Most artistic production in the Middle Ages was collaborative and carried out in monasteries and in town-based workshops, meaning that many artists have remained anonymous. Yet nineteenth-century constructions of the artist as an inspired, singular, male personality have been mapped back onto the Middle Ages where scholars talk of different hands as “masters.” Thus, historiographical tendencies as well as the lack of primary evidence make it difficult to discern women’s roles as creators of images. Figures such as Hildegard of Bingen and Christine de Pizan who were involved in the production and dissemination of their own works are often cited as exceptions to the rule, yet we should not overlook other instances where women may have produced works of art, even if we do not know their names: the female embroiderers of the Bayeux Tapestry discussed here are a case in point.

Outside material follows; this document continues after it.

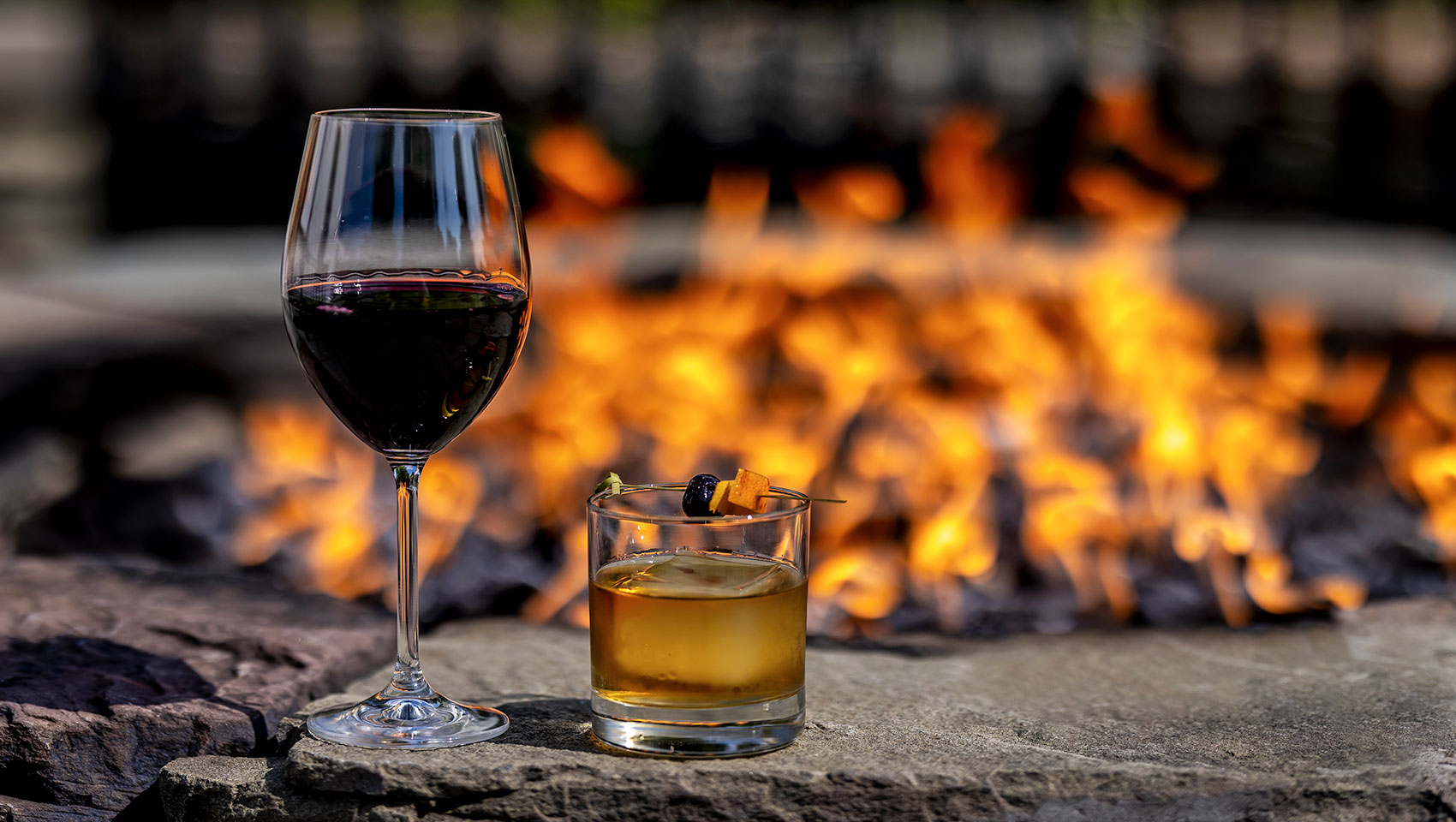 cocktails by the outdoor fireplace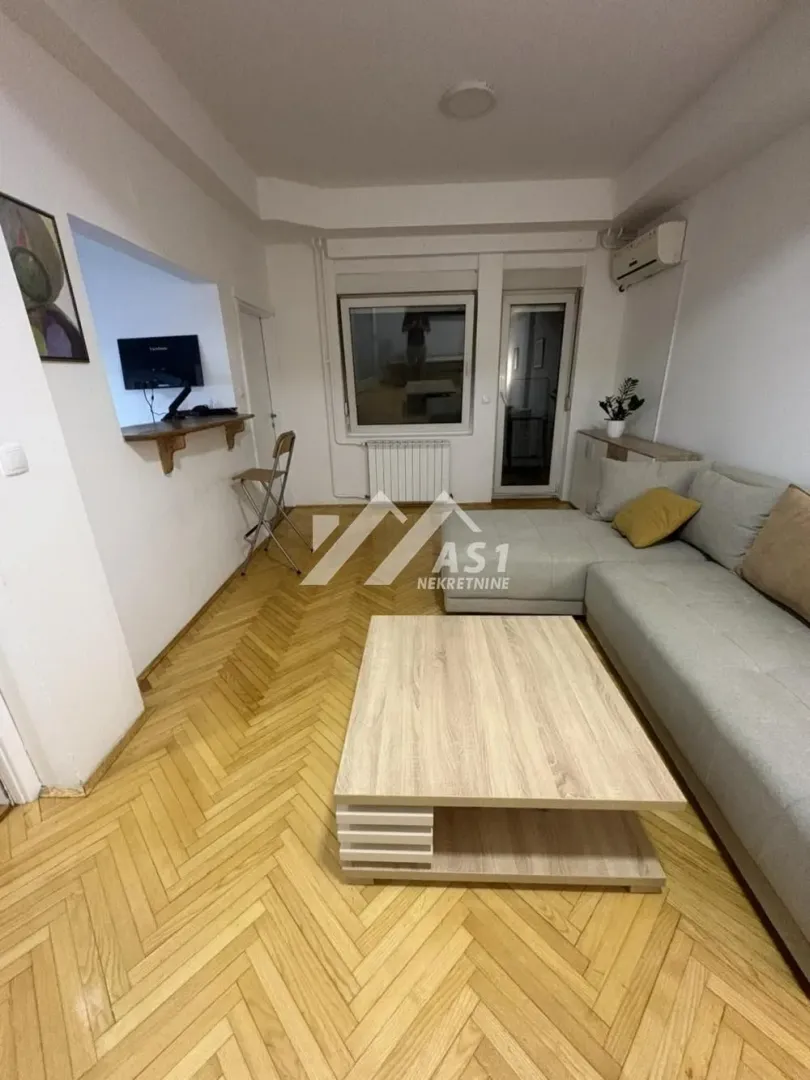 Dnevna soba sa ugaonom garniturom, drvenim stočićem i parketom.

It is often much easier to discuss women’s roles as consumers and patrons of art objects, although the evidence is heavily biased toward aristocratic women whose positions of wealth and power mean that their names and their commissions have been preserved for posterity. Women such as Blanche of Castile and Isabeau of Bavaria, who were at times invested with the authority to govern the kingdom of France, had themselves depicted in manuscripts, sculpture, and stained glass. Although aristocratic women were often pawns on the marriage market, the sumptuous images that they had created of themselves as counselors, patrons, and rulers nevertheless testify to the power they could exercise on both political and artistic levels.

In addition to personal commissions, other art objects such as books of hours, birth trays, and carved ivories were also produced with women in mind or gained particular popularity among groups of female viewers. Books of hours bear witness to women’s devotional interests—particularly the importance of saints like St. Margaret, patron saint of childbearing—and often became treasured objects in themselves. Similarly, carved ivory combs and mirror backs usually depicted secular scenes drawn from the literature of courtly love, manuscript copies of which were also popular among female readers.

Women were thus presented with, and in some cases created themselves, a whole variety of images of the female sex. It is tempting for us as modern viewers to use these representations as a window onto some past reality. Yet, we must remain aware of their complexities of production by and within a patriarchal society and an often didactic or instructive use. Nevertheless, placed in their sociohistorical context, medieval depictions of women remain an important source for understanding not only attitudes toward sex and gender but also the power of representation.

Biblical Women

For medieval people, Eve was the first woman. Created from a rib taken out of Adam’s side, she remained a thorn in his side thereafter. A sculpture of Eve, originally part of a doorway into the twelfth-century church of Saint-Lazarus at Autun (France), conflates the next several moments in their story into a single image, as shown in Figure 8.1. Stretched out horizontally within the space of the doorway’s lintel, Eve reaches back with one arm to pluck a piece of fruit from a tree. A claw grasps the tree’s trunk and bends it toward her hand, suggesting that a monstrous figure originally appeared behind Eve, representing the satanic source of her action. The lintel also originally included an image of Adam, in a posture similar to Eve’s so that their heads came together in its center. The line of Eve’s reaching arm suggests her next action, bringing the fruit forward and offering it to Adam. With her other hand cupped around her chin, she appears to be whispering to him, encouraging him to take a bite. A second foliage frond that curls up and around her head and a third that crosses over her body suggest the significance of their horizontal posture as a result of tasting the fruit of the tree: ashamed, they try to conceal themselves in the trees, hiding from God’s eyes in particular. God cannot be avoided, however, and Adam and Eve are expelled from Eden. Eve’s gesture to her face is also a conventional sign of grief in medieval art and so indicates her sadness at their loss of paradise.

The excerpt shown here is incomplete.